Top of Input data

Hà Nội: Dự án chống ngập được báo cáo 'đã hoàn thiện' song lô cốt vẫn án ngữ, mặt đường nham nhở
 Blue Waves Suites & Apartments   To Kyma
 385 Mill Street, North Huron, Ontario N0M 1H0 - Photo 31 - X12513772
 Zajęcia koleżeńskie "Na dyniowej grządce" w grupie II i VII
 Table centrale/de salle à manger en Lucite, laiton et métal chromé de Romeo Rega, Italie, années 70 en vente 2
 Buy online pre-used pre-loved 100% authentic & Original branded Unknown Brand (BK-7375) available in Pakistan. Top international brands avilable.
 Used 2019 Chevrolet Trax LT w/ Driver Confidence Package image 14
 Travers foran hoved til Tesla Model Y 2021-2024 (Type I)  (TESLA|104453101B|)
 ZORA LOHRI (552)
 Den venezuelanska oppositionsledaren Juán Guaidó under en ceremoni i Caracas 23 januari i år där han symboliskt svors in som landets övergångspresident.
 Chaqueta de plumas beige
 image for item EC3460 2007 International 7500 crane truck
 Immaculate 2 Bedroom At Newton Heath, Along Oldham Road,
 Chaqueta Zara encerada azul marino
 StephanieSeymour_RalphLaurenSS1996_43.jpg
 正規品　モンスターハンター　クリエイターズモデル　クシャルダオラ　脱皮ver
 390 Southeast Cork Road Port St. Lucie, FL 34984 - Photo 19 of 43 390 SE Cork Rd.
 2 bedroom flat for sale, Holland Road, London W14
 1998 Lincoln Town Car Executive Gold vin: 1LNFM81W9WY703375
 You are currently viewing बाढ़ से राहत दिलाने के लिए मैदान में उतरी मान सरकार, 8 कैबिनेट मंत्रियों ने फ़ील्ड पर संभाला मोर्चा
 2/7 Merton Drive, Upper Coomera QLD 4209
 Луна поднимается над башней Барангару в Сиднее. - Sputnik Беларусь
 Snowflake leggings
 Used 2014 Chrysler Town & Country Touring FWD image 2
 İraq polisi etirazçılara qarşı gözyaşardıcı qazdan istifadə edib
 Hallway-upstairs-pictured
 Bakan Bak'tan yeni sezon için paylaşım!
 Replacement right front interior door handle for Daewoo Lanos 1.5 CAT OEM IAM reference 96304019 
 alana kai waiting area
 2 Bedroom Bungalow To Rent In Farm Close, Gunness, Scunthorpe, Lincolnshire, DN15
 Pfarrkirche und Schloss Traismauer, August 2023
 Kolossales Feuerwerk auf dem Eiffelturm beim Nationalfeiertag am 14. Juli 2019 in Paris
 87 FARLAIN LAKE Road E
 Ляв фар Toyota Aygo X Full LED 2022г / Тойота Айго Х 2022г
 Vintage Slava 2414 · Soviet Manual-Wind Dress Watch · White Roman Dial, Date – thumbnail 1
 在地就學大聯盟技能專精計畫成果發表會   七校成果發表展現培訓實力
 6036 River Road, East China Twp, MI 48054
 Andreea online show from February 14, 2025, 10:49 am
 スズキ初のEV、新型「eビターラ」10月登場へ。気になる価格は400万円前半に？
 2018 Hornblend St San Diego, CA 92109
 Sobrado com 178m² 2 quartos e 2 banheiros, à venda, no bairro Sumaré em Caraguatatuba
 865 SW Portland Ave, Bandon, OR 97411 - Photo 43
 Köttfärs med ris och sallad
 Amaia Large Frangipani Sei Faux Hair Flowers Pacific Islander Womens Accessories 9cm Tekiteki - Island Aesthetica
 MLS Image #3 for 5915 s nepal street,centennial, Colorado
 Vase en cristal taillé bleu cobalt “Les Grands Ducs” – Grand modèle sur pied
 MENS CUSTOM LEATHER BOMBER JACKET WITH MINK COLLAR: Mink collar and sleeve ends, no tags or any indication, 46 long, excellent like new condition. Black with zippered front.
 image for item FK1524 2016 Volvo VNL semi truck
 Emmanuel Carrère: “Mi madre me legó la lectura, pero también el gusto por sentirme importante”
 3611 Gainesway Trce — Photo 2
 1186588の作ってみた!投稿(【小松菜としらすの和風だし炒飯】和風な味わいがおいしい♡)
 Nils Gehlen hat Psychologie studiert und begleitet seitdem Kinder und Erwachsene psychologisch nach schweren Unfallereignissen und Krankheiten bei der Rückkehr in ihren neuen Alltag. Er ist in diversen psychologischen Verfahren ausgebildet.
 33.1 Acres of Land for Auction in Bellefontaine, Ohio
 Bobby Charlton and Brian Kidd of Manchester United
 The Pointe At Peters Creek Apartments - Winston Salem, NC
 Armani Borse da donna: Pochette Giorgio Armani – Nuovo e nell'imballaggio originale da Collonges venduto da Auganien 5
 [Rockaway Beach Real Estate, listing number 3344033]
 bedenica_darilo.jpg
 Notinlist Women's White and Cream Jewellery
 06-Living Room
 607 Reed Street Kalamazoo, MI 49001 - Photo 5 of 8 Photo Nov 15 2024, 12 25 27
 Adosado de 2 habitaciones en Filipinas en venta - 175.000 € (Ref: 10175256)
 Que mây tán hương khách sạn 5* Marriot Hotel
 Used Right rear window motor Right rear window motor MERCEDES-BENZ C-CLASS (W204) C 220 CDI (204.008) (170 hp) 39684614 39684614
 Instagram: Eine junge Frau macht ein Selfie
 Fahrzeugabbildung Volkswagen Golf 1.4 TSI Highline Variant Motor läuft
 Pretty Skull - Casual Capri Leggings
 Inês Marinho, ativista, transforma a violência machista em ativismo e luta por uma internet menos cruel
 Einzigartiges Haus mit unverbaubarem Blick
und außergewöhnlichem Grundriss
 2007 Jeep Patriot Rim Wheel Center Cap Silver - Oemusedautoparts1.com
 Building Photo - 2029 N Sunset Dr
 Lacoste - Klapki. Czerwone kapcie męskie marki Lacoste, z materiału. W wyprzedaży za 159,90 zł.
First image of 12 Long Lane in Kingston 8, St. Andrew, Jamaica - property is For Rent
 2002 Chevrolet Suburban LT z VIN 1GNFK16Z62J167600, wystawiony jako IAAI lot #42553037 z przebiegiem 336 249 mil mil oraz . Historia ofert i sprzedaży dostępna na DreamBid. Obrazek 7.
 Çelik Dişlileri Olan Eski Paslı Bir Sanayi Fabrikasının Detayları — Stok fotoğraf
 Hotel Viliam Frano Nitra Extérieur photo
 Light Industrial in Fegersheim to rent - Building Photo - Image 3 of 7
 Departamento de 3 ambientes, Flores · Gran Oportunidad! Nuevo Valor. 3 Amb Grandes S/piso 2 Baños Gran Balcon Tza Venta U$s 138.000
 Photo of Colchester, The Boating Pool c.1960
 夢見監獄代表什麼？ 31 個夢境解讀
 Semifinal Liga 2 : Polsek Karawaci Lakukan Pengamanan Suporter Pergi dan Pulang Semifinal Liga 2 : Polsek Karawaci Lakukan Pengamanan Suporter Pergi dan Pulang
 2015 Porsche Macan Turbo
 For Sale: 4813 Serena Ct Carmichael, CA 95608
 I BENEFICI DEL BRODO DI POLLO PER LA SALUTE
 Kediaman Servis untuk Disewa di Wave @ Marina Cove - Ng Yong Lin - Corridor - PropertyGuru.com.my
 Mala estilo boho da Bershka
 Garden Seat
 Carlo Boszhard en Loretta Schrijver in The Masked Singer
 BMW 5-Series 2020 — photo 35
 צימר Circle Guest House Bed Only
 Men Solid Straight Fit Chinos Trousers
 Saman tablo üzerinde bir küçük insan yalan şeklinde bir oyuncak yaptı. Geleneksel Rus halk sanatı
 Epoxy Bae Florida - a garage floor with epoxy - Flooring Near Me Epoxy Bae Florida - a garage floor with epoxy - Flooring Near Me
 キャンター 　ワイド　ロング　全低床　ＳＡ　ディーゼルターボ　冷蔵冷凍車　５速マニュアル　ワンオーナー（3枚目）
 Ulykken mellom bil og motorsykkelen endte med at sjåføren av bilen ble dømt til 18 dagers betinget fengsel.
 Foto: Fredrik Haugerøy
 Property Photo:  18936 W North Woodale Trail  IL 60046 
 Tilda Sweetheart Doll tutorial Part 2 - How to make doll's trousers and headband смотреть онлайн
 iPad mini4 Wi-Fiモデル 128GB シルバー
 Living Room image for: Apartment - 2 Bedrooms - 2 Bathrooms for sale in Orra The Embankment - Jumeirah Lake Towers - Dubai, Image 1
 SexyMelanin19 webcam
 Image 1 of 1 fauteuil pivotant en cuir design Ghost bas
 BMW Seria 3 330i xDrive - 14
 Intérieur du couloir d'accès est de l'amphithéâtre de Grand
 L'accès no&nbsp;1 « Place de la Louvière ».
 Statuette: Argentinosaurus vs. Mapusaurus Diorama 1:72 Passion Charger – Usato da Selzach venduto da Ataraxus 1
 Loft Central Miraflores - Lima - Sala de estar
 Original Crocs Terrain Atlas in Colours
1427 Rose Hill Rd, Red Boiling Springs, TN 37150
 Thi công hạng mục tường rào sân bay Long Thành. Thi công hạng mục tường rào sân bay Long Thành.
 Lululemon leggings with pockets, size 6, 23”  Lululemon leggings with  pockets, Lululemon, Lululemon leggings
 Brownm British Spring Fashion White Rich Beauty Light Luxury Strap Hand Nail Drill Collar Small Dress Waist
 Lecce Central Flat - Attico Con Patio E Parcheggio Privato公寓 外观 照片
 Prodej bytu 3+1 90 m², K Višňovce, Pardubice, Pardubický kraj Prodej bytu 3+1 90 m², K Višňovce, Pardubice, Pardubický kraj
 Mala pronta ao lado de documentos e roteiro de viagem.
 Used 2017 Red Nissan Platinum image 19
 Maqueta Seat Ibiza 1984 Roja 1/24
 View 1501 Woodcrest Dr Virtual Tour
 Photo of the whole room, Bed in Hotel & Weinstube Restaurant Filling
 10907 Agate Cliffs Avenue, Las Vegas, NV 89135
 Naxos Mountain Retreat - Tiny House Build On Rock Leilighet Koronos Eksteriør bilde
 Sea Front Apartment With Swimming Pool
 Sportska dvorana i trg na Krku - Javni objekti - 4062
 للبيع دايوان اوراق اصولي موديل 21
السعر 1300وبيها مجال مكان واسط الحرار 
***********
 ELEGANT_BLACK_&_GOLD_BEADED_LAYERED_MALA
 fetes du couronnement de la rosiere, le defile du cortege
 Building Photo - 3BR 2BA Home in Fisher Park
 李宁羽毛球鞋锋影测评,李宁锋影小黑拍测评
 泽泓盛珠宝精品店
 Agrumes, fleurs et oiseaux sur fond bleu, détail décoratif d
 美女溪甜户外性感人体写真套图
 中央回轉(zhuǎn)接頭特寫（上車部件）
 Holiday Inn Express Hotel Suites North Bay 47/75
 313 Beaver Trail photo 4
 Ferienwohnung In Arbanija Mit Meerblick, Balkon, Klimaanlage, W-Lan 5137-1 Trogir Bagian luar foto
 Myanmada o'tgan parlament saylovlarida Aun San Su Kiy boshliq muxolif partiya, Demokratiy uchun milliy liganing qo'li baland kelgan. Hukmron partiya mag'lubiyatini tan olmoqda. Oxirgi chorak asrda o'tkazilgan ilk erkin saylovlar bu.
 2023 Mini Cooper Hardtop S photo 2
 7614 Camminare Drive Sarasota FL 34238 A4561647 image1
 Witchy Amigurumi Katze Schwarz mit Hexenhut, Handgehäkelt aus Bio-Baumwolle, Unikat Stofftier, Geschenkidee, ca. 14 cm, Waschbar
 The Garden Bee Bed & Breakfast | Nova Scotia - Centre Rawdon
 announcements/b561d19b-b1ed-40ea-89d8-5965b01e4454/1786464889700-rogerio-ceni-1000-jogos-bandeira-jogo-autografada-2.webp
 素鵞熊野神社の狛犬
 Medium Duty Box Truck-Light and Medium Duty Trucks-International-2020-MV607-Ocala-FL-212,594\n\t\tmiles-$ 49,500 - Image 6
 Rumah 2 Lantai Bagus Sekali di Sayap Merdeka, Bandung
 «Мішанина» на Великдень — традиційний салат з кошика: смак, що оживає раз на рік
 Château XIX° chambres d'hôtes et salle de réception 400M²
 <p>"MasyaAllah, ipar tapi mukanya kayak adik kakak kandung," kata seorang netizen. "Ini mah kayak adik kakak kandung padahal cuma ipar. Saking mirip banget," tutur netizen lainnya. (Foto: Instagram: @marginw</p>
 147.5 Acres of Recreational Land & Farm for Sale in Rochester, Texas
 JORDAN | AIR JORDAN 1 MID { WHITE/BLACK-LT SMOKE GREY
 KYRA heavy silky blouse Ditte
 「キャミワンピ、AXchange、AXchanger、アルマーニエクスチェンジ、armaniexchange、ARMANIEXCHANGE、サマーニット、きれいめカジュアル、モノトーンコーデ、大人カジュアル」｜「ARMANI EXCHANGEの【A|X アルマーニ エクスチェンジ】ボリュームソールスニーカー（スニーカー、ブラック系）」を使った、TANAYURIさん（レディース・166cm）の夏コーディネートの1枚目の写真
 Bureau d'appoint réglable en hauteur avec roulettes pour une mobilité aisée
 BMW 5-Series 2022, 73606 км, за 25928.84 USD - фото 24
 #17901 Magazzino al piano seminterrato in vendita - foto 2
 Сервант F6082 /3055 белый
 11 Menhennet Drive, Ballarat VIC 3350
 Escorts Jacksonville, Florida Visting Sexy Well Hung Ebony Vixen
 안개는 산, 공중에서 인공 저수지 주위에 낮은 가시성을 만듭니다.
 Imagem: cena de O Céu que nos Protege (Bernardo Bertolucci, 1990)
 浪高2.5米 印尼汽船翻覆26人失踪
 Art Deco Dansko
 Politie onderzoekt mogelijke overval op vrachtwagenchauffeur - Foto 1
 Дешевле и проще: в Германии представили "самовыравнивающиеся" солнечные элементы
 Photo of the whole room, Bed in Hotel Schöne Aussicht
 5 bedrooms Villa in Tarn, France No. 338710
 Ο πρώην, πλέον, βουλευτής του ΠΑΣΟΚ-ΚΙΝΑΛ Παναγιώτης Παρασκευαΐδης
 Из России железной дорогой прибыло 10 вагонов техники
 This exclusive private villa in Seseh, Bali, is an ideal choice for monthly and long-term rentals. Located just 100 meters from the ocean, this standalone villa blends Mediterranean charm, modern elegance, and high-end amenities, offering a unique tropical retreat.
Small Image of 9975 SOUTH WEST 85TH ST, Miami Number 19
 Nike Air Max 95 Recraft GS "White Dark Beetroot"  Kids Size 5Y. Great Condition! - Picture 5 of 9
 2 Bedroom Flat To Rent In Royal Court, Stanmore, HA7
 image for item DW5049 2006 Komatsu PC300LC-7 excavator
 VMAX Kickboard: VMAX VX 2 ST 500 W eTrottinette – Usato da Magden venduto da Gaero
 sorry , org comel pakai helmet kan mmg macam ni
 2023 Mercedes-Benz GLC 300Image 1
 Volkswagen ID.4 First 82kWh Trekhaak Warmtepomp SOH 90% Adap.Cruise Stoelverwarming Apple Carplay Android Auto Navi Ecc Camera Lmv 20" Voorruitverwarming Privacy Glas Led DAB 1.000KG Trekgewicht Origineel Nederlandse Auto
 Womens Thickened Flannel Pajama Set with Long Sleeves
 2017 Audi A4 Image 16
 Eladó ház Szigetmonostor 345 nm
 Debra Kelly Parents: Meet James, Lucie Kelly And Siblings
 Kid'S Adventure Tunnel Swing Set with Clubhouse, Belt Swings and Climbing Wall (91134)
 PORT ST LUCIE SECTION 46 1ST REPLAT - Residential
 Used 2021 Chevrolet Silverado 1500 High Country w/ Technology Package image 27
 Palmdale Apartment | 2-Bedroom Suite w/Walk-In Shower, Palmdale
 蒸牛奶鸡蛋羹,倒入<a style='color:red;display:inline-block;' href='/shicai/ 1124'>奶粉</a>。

Bottom of Input data

Assigned task: The output should be exactly the lines above from the line containing "Armani Borse da" to the line containing "607 Reed Street", inclusive, with no other lines.

Reply:
 Armani Borse da donna: Pochette Giorgio Armani – Nuovo e nell'imballaggio originale da Collonges venduto da Auganien 5
 [Rockaway Beach Real Estate, listing number 3344033]
 bedenica_darilo.jpg
 Notinlist Women's White and Cream Jewellery
 06-Living Room
 607 Reed Street Kalamazoo, MI 49001 - Photo 5 of 8 Photo Nov 15 2024, 12 25 27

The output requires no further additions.